I shoot at about 90 and am improving steadily. I swing at around 100mph, for driving I was using a Taylormade XR05 with a regular shaft and have now just changed to a stiff shafted Cleveland Launcher which has stopped most wayward hits into the trees.

I tend to get a lot of height on the ball. Due to this I can hit my second hand Callaway War Bird 2 wood (13 deg. loft) around 200 yards off the fairway, I love this club but I can only hit it straight by countering a slice, otherwise it will be way right. I don't really slice any of my other shots.

This club has an Aldila firm flex shaft. 

What can I do with this club? Will changing the shaft help me or should I swap it for something else?

All input welcome.


----------



## cbwheeler (Apr 9, 2007)

Too stiff of a shaft will indeed cause a ball to the right. I just switched from stiff to xstiff and it took me a few days to adjust to the flex difference in the new club. I'm still not fully used to it, but its getting a lot better.
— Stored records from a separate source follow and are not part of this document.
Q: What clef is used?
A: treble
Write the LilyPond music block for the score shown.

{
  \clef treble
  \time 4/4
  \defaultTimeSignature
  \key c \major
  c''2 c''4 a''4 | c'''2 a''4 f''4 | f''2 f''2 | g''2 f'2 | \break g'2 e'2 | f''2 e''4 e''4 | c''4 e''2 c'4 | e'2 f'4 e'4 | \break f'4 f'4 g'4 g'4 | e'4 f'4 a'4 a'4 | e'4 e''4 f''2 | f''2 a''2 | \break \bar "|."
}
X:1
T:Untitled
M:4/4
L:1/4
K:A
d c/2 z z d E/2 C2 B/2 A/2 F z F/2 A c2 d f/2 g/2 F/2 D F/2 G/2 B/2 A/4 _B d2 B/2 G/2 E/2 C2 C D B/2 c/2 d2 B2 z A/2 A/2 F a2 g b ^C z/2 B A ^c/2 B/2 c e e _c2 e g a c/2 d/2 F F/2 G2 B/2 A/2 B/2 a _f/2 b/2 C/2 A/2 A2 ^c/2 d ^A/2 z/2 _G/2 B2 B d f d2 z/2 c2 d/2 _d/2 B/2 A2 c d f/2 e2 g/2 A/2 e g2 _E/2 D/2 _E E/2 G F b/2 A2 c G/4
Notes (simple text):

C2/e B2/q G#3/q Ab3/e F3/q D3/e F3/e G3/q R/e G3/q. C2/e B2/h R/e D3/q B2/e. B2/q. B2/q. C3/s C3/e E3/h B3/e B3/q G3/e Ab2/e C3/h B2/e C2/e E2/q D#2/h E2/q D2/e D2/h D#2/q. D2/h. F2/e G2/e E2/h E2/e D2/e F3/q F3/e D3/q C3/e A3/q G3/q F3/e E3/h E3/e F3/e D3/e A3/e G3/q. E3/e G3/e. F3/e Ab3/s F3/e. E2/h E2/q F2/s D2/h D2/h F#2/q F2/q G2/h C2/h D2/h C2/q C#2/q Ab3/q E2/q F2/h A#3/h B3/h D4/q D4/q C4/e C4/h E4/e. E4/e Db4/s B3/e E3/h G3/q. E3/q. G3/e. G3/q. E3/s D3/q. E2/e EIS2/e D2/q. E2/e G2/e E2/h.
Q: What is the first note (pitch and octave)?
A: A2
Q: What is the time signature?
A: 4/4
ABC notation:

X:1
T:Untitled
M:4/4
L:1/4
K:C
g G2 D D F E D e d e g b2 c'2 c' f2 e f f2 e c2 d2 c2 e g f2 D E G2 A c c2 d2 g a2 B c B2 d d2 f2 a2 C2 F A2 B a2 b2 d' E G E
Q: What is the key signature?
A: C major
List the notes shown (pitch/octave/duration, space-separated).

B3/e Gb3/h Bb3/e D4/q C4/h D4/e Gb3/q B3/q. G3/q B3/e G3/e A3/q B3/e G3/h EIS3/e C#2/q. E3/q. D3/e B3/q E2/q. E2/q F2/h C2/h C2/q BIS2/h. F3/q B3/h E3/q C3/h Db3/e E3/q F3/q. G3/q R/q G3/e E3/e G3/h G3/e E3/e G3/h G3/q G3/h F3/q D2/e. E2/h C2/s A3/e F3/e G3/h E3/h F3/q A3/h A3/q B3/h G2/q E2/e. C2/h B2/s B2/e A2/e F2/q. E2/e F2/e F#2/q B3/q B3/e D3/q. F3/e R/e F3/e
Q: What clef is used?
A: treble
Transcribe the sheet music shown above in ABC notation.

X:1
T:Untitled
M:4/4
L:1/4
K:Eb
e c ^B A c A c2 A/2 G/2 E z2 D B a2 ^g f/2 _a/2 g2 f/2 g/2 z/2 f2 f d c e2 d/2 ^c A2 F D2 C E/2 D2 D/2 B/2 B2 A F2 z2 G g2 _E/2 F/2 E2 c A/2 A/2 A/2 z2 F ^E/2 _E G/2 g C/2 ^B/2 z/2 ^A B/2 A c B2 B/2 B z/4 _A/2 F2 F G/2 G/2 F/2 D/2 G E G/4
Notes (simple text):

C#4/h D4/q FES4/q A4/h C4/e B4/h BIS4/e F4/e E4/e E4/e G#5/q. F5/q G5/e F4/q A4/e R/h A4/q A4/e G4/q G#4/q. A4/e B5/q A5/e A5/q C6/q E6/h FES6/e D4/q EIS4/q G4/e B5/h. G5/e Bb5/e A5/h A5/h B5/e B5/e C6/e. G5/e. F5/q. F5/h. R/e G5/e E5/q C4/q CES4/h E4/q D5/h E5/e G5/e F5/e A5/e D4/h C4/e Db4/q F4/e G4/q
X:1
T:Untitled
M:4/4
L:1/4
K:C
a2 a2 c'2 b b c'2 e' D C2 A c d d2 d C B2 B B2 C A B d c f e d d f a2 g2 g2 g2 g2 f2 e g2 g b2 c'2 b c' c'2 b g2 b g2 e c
It its an xstiff or if it is any stiffer than the shaft in your launcher, that is probably the source of the issue. Shaft problems are difficult, because its so hard to demo different shafts unless you are a clubmaker and have access to a bunch of different shafts. See if you can find a local guy that will let you swap out a few shafts for a few bucks to find the one you like.


----------



## 300Yards (Jan 23, 2007)

CB is right, a flex that is to stiff will cause the ball to go right..but with that said, I must say, with your swing speed, a firm or even a stiff should be ideal for you.. Any time you have two different flexes in your woods, it will cause problems, because the flexes aren't consistant..try to kep the same flex in your clubs, if you can.

Also, since you just changed from a different flex, it may take a while to adjust, so that could be part of your problem.


----------



## daclick (Jun 21, 2007)

I mentioned the change of flex in the drivers to give an idea of my swing.

The Callaway has done this in my hands for a while now, I thought the shaft would be suited to me.

Not sure what to do, I'm thinking the best thing may be to pick up something like a Titleist 904F or 980F on ebay with a decent stiff shaft and try it out.

How much would re-shafting cost (in the UK)?


----------



## 300Yards (Jan 23, 2007)

Do you have a Golf Smith or any golf stores near you, that has a launch monitor? If so, go there and hit some drivers, with various flexes, lofts, and kickpoints, and see if something works for you. It's a bad practice to buy before you try. As far as reshafting..don't know about the UK, but in the U.s, it's around $50 or so..


----------



## daclick (Jun 21, 2007)

I got a price of £59 for reshafting, I don't think its worth it.

I should be able to get something good on ebay with a decent stiff shaft for around £70.


----------